UF Accepting Applications for Aquaculture Fellowships

Diversification into aquaculture medicine could provide a revenue opportunity for rural veterinary practices
Diversification into aquaculture medicine could provide a revenue opportunity for rural veterinary practices

Aquaculture is an important component of global animal production and, like all animal agriculture operations, faces health management challenges. Veterinarians provide many services to aquaculture operations by addressing site-specific herd health needs, biosecurity recommendations, disease surveillance and testing, medications, and health certifications for trade.

Commercial aquaculture in the United States needs more production animal veterinarians willing to work in rural communities where agriculture, including aquaculture, exists.
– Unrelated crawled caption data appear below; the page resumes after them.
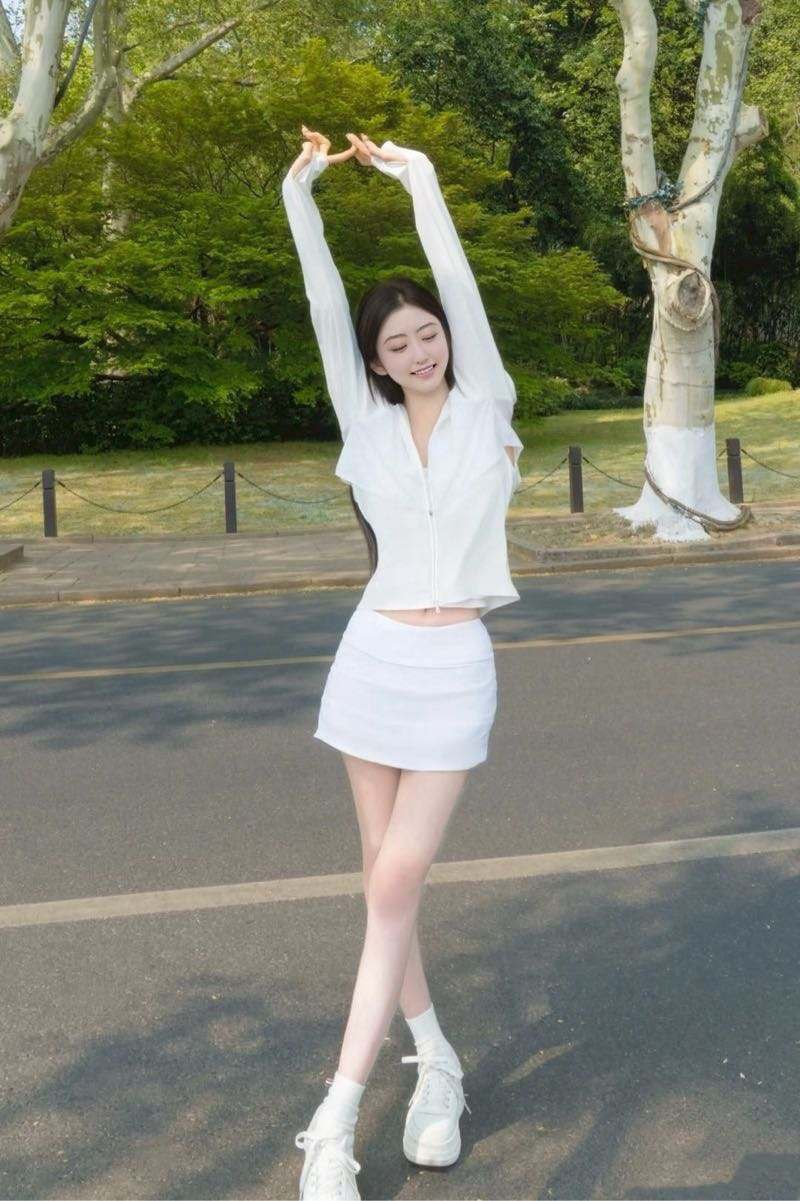 大连外围 04年初恋脸 天然魔鬼身材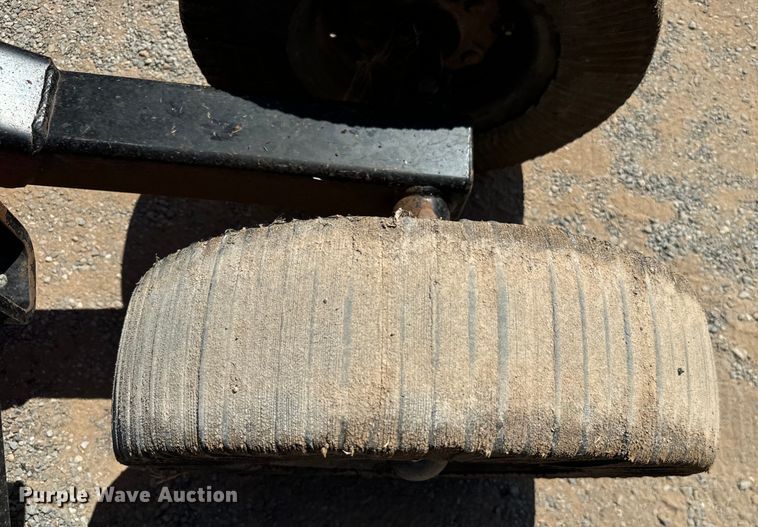 image for item NQ9783 2009 Land Pride  Commander batwing rotary mower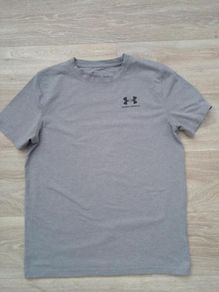 Under Armour T-Shirt size XXS,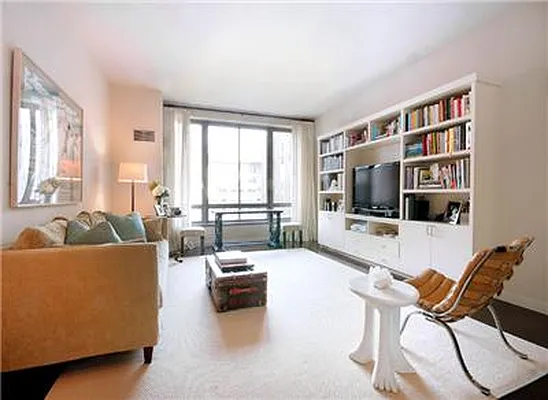 Sold by Living New York | media 5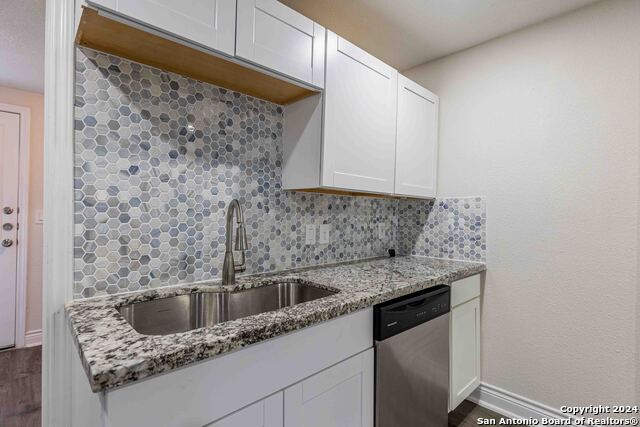 Listing photo id 7 for 1309 Quintana Rd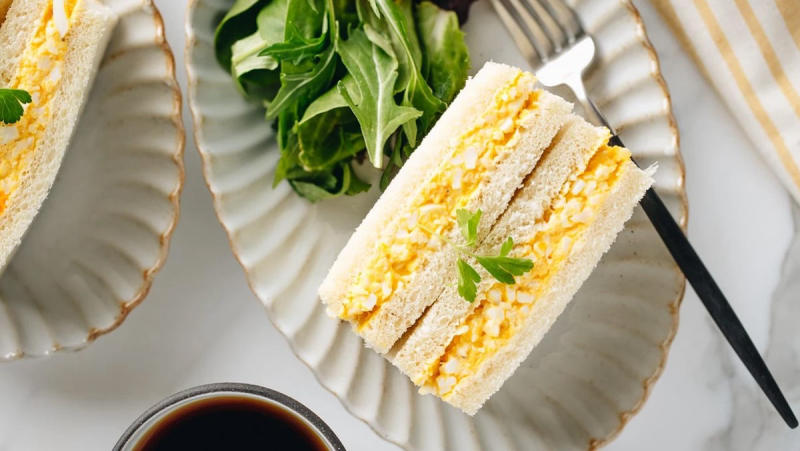 Sandwich trứng mayonnaise chứa khoảng 317 calo 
Success of these private, rural veterinary practices often requires a business model that includes diversification of veterinary expertise in animals beyond traditional farm species.

To address the veterinary needs of underserved aquaculture producers in rural America, the University of Florida's Institute of Food and Agricultural Sciences, in cooperation with the U.S. Department of Agriculture, is offering eight veterinary fellowships for a two-year training program in aquatic animal health and aquaculture production medicine.

The UF IFAS fellowship is one of 13 programs that received a total of $2.35 million from the USDA's National Institute of Food and Agriculture last November. The grants are awarded to support rural veterinary services and relieve veterinarian shortages in parts of the U.S. and its insular areas.

Training, comprising online and field instruction, includes implementation of the National Aquaculture Association–USDA Commercial Aquaculture Health Program Standards for clients. Tuition and related educational expenses are provided, and a stipend of $5,000 per participant will be paid on successful completion of each year of training.

Recent veterinary graduates with five years of experience or less working in rural areas may apply by submitting an application packet consisting of the following: a written statement of interest in working with aquaculture producers, including a statement of commitment to continued interest after the fellowship; three professional references; documented verification of a state veterinary license; and USDA accreditation as a category II practitioner.

Preference will be given to applicants submitting at least one letter of reference from an aquaculture facility.

The application deadline is June 1.

For additional information, contact Dr. Ruth Francis-Floyd, extension veterinarian at the University of Florida, at rffloyd@ufl.edu or by calling (386) 643-8904.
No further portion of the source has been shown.